The Great Comet of 1811

The best thing about this comet is that it makes a cameo in Count Leo Tolstoy’s magnificent War and Peace, where it’s called, confusingly, the Comet of 1812.

It appears at the end of Book Eight (in my Kropoktin translation). Pierre has just confessed his love to Natasha. Here’s the passage:
 

“Where now?” asked the driver.

“Where?” repeated Pierre to himself. “Where can I go now? To the club, or to make some calls?”

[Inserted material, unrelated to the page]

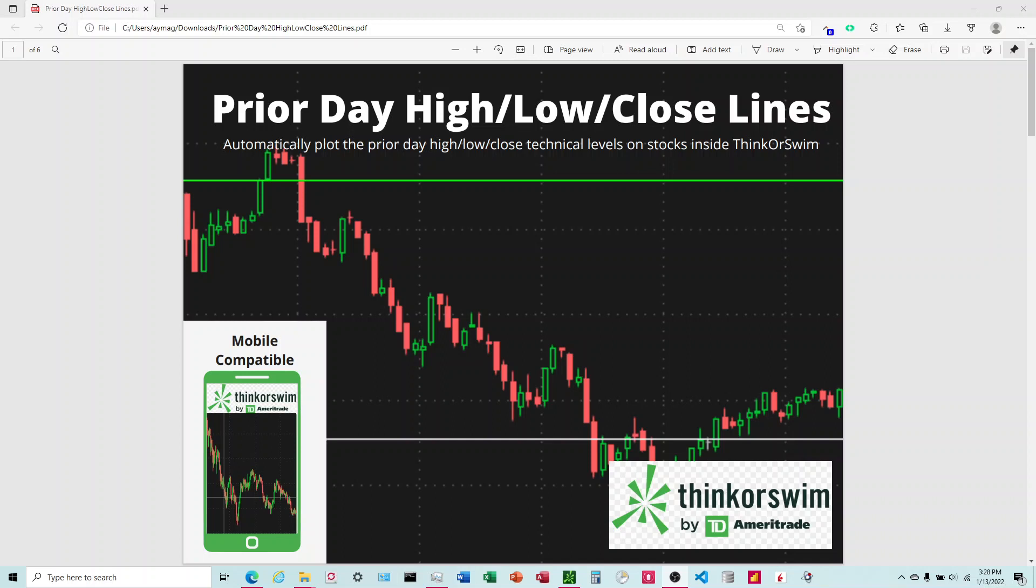Okay, good afternoon. Today I'm going to be discussing the prior day high, low, close lines and how to get those inside of ThinkorSwim. I have this code for sale inside of my Etsy store. There's going to be a link in the video description below. In a prior video I talked about the basic lines you could do to get these lines plotted in the software. What this is, is a much more complete code that's going to solve a lot of issues you're going to run into inside of the software.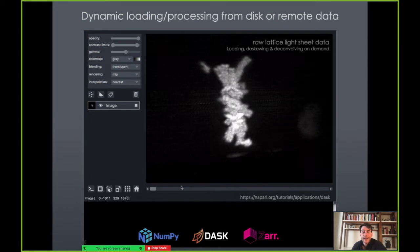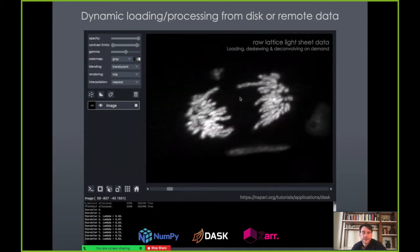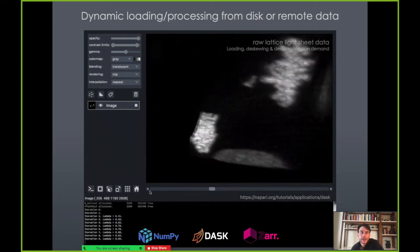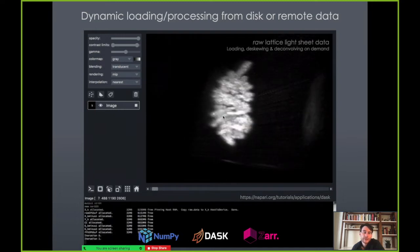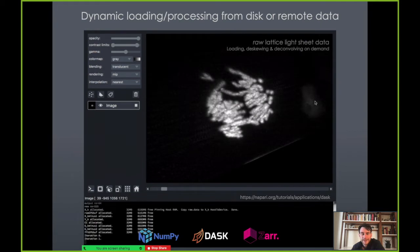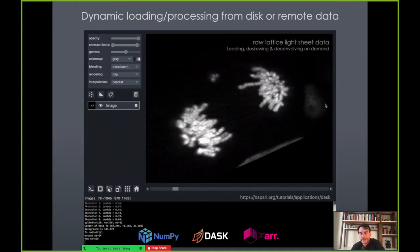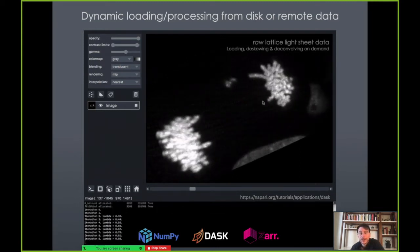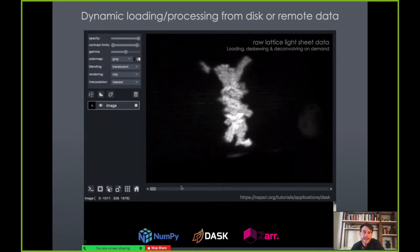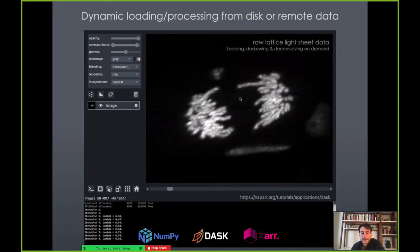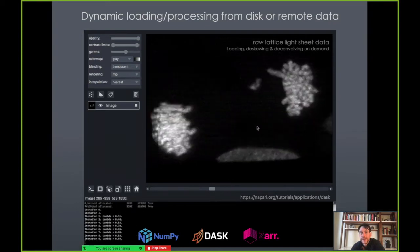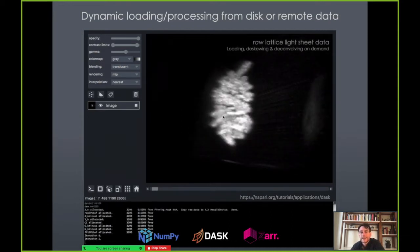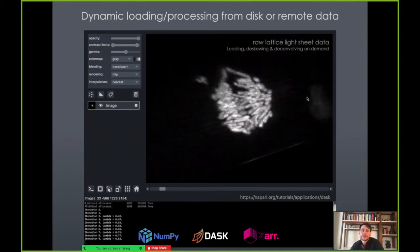We can also do dynamic loading and processing from disk or remote data. In this example, we have raw lattice light sheet data that is being loaded and then de-skewed and de-convolved on demand. Every time the dimension slider moves — in this case representing time, since it's a time series — we're loading in 3D data and then de-skewing and de-convolving on the fly. This means you don't have to have a second copy of the dataset; you can keep the raw data and do the processing on the fly when you need it.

All men, at this moment, seemed to him so contemptible, so mean, in comparison with the feeling of emotion and love that overmastered him–in comparison with that softened glance of gratitude which she had given him just now through her tears.

“Home,” said Pierre, throwing back his bearskin cloak over his broad, joyfully throbbing chest, though the mercury marked ten degrees of frost.

It was cold and clear. Above the dirty, half-lighted streets, above the black roofs of the houses, stretched the dark, starry heavens. Only as Pierre gazed at the heavens above, he ceased to feel the humiliating pettiness of everything earthly in comparison with the height to which his soul aspired. As he drove out of Argat Square, the mighty expanse of the dark, starry sky spread out before his eyes. Almost in the zenith of this sky–above the Pretchistensky Boulevard–convoyed and surrounded on every side by stars, but distinguished from all the rest by its nearness to the earth, and by its white light, and by its long, curling tail, stood the tremendous brilliant comet of 1812–the very comet that men thought presaged all manner of woes and the end of the world.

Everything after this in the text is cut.